**Work to be completed:**
Track down every line below that holds "Women" and copy it.

**Data extracts:**
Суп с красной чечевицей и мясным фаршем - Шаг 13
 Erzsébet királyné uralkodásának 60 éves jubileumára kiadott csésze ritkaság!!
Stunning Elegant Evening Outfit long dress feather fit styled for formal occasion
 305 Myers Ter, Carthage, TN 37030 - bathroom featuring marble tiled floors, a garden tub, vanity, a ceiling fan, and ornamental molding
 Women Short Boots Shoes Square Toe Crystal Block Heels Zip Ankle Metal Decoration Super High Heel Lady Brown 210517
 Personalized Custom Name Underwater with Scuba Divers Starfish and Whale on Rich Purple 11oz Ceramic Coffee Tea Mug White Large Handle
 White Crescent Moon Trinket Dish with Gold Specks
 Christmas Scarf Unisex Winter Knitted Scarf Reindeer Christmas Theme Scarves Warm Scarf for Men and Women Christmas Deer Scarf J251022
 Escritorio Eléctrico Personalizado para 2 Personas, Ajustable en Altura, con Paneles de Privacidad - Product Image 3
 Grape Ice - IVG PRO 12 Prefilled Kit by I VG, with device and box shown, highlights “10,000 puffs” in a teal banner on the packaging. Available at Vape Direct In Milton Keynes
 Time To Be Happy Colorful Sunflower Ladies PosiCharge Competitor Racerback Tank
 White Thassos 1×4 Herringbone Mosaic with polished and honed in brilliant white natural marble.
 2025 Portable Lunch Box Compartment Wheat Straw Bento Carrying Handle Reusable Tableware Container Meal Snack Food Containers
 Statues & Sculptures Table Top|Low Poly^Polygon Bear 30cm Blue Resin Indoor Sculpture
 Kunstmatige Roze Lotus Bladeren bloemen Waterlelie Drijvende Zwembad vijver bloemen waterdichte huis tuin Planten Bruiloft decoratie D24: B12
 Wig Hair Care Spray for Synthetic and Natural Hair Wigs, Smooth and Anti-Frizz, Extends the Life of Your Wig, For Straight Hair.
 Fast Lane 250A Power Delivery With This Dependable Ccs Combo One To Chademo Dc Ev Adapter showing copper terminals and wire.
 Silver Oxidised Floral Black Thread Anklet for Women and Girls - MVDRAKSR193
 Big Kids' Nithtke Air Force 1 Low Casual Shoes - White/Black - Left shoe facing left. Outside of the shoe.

**Exercise solution:**
 Women Short Boots Shoes Square Toe Crystal Block Heels Zip Ankle Metal Decoration Super High Heel Lady Brown 210517
 Christmas Scarf Unisex Winter Knitted Scarf Reindeer Christmas Theme Scarves Warm Scarf for Men and Women Christmas Deer Scarf J251022
 Silver Oxidised Floral Black Thread Anklet for Women and Girls - MVDRAKSR193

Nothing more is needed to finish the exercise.